▶ [What you will do] Starting at the line that contains "15 BULD BEAR" and stopping at the line that contains "10 Best Jobs For After The Military 10", transcribe every line of the material below exactly; pictures stay out.

(Data for processing Opens)

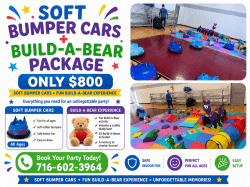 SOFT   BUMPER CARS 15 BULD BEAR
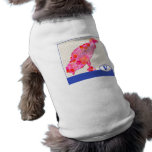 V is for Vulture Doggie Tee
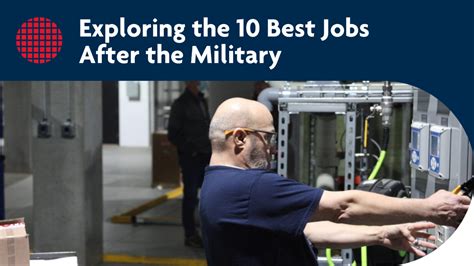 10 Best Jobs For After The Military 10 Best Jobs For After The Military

(Data for processing Closes)
(Data for processing Opens)

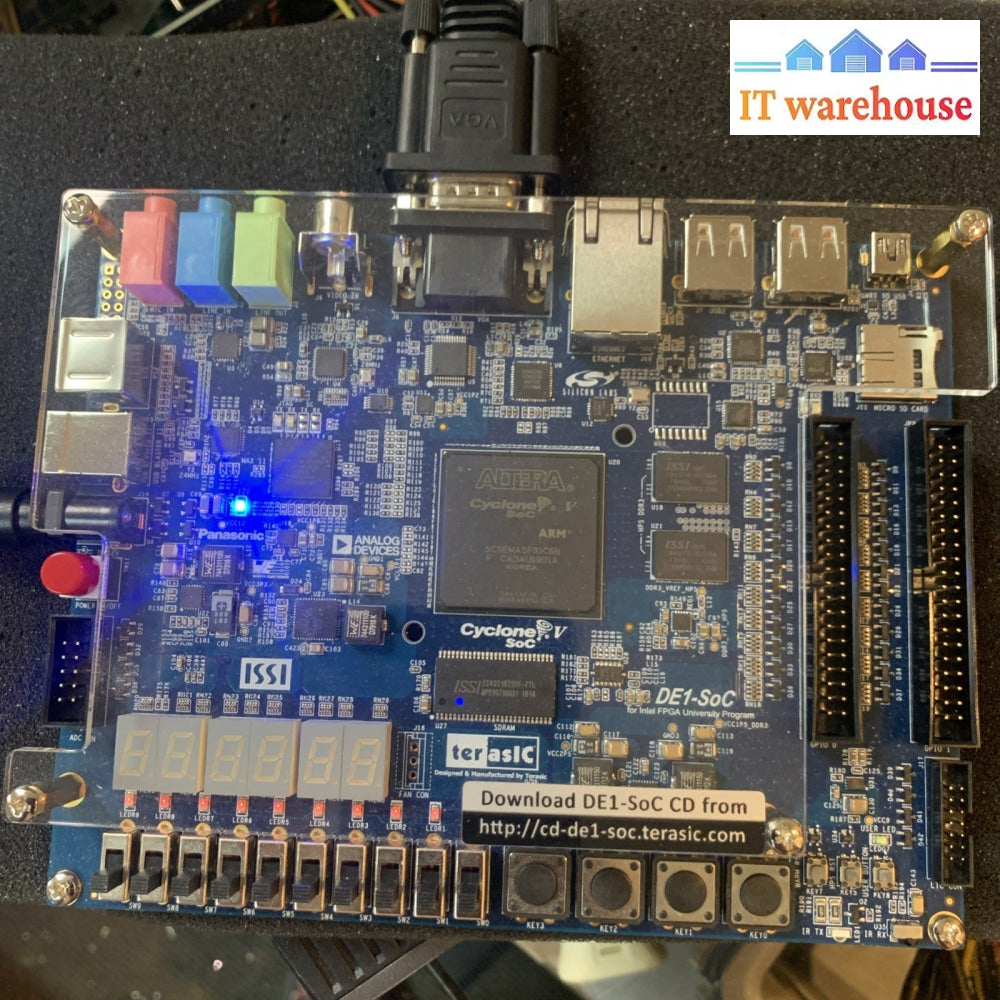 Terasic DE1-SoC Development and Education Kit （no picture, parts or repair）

(Data for processing Closes)
(Data for processing Opens)

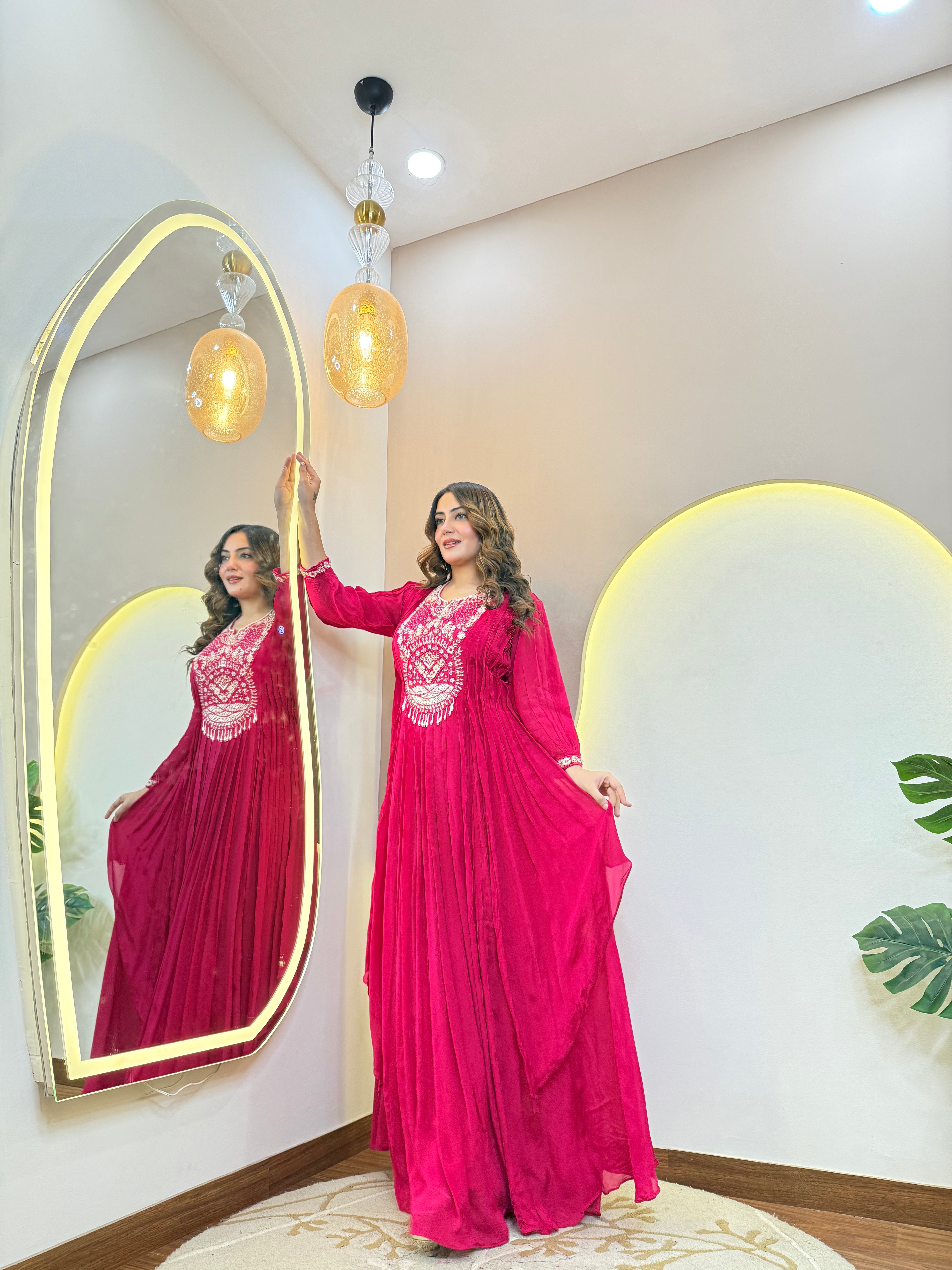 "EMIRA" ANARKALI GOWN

(Data for processing Closes)

▶ [Your solution]
 SOFT   BUMPER CARS 15 BULD BEAR
 V is for Vulture Doggie Tee
 10 Best Jobs For After The Military 10 Best Jobs For After The Military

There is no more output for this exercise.